(Beginning of Supplied material)

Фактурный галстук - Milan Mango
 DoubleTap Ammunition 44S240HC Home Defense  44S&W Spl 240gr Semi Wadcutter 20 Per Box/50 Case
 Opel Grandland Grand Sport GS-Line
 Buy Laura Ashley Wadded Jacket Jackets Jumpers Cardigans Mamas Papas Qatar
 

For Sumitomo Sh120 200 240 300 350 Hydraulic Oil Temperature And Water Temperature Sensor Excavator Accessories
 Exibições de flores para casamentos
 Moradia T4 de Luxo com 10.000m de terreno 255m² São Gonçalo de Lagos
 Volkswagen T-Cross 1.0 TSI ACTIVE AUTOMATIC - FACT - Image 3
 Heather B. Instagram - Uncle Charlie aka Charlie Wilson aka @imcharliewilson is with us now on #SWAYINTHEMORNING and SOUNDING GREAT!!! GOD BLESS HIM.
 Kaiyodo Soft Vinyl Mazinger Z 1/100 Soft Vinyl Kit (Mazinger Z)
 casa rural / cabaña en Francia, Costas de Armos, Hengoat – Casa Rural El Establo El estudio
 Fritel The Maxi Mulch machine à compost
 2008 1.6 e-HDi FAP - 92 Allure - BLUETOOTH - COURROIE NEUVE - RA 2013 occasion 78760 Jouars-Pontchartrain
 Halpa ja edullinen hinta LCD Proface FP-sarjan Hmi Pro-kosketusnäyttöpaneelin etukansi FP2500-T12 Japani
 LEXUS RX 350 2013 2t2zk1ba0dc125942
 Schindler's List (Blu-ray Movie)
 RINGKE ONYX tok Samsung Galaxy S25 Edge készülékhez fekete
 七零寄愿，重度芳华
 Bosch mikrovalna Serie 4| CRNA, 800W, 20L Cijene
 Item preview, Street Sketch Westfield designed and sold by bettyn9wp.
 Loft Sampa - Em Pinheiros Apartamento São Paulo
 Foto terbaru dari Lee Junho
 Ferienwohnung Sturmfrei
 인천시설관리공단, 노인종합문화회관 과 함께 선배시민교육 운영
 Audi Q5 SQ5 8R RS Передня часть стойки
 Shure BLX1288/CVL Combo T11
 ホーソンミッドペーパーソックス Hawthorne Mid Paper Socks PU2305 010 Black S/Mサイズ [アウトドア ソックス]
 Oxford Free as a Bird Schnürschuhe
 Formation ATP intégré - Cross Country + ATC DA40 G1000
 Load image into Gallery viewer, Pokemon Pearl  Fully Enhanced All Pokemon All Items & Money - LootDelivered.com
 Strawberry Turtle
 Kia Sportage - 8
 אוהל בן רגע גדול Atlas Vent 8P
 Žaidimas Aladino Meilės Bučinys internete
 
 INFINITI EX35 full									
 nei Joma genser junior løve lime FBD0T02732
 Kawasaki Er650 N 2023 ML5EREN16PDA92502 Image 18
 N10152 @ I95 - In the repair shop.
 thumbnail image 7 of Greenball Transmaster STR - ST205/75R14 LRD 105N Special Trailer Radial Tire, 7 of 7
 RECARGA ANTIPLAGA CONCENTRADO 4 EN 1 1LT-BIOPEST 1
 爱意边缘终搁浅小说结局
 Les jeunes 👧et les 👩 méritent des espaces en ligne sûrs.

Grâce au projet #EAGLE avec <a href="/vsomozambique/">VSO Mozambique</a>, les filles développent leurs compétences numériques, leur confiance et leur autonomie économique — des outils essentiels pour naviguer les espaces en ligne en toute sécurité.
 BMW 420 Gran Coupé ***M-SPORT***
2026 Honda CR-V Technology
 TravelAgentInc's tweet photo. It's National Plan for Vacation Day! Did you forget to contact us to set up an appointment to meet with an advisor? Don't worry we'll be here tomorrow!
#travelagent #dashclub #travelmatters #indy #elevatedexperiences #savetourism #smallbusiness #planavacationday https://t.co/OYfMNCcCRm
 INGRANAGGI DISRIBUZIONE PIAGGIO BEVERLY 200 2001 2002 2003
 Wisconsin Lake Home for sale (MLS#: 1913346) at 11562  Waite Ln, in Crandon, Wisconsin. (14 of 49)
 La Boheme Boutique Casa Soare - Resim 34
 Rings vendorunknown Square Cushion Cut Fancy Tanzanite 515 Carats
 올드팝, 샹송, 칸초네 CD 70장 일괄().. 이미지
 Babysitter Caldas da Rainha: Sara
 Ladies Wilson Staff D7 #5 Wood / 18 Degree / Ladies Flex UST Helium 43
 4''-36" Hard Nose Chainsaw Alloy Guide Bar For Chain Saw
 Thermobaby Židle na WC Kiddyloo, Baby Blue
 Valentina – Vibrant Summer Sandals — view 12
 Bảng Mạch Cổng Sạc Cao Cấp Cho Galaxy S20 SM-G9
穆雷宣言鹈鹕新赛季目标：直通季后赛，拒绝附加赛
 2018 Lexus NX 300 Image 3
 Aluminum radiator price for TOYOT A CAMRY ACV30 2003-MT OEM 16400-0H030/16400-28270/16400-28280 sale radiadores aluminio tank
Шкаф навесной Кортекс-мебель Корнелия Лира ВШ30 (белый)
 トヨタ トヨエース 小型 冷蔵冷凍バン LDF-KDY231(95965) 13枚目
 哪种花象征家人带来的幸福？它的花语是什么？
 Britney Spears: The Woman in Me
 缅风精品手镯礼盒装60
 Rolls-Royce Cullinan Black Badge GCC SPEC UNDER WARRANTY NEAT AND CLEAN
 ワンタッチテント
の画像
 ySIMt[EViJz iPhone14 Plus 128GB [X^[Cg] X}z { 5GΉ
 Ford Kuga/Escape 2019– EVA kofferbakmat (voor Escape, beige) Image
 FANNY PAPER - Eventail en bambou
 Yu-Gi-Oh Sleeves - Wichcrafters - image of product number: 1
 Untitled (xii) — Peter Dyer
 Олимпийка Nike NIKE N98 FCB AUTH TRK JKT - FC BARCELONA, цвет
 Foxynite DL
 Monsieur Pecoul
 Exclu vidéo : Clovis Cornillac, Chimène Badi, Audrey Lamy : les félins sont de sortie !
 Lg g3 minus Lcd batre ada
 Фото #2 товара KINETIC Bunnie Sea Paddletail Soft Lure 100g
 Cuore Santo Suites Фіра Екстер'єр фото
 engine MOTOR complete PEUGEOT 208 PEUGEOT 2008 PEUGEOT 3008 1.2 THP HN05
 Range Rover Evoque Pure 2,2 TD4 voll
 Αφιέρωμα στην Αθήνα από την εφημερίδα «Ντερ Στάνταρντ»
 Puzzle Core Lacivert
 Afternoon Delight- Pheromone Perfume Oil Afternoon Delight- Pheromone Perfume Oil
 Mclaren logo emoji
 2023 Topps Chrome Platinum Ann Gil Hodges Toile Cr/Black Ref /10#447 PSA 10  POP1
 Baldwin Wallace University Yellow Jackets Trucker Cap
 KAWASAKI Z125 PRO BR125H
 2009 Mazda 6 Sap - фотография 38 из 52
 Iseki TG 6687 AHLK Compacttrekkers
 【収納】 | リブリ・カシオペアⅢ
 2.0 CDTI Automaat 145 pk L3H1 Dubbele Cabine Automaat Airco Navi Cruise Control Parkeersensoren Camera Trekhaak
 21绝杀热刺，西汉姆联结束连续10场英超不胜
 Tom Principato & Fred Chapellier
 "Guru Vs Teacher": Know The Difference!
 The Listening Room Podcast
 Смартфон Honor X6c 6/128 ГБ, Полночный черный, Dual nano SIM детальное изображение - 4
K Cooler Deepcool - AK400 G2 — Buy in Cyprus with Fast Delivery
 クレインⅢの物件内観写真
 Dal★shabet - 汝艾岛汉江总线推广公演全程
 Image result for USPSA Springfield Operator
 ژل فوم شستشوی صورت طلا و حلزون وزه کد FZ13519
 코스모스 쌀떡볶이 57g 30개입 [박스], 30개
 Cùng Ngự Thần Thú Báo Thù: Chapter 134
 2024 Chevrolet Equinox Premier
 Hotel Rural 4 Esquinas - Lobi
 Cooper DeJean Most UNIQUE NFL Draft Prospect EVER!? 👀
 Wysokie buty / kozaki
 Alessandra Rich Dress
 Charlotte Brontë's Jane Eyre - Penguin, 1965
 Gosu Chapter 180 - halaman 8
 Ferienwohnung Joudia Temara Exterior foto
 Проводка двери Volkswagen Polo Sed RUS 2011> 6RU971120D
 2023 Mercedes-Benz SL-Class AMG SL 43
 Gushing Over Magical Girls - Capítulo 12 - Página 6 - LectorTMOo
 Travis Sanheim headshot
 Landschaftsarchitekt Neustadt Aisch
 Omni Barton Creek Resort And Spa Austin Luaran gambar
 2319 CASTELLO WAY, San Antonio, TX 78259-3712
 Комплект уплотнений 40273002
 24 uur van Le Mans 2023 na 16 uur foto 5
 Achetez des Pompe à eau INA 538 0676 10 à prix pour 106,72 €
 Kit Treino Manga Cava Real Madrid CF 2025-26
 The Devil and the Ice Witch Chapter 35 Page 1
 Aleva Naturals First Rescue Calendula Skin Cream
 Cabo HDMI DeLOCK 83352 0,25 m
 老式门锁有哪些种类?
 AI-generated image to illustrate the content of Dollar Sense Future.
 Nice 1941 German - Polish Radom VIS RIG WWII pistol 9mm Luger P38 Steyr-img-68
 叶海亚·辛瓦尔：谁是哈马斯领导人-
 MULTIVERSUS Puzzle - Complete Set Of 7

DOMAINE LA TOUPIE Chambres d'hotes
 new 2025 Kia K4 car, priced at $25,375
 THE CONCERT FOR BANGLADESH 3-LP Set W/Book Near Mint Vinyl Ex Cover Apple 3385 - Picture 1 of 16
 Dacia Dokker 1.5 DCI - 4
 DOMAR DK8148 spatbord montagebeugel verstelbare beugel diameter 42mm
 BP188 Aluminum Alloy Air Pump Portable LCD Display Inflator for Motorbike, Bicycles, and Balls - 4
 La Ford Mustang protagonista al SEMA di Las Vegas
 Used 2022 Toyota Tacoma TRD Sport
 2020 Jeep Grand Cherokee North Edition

(End of Supplied material)

* **About this exercise**:
Please go through the data and copy each line containing the word "Soft".

* **Answer to the exercise**:
 Kaiyodo Soft Vinyl Mazinger Z 1/100 Soft Vinyl Kit (Mazinger Z)
 Фото #2 товара KINETIC Bunnie Sea Paddletail Soft Lure 100g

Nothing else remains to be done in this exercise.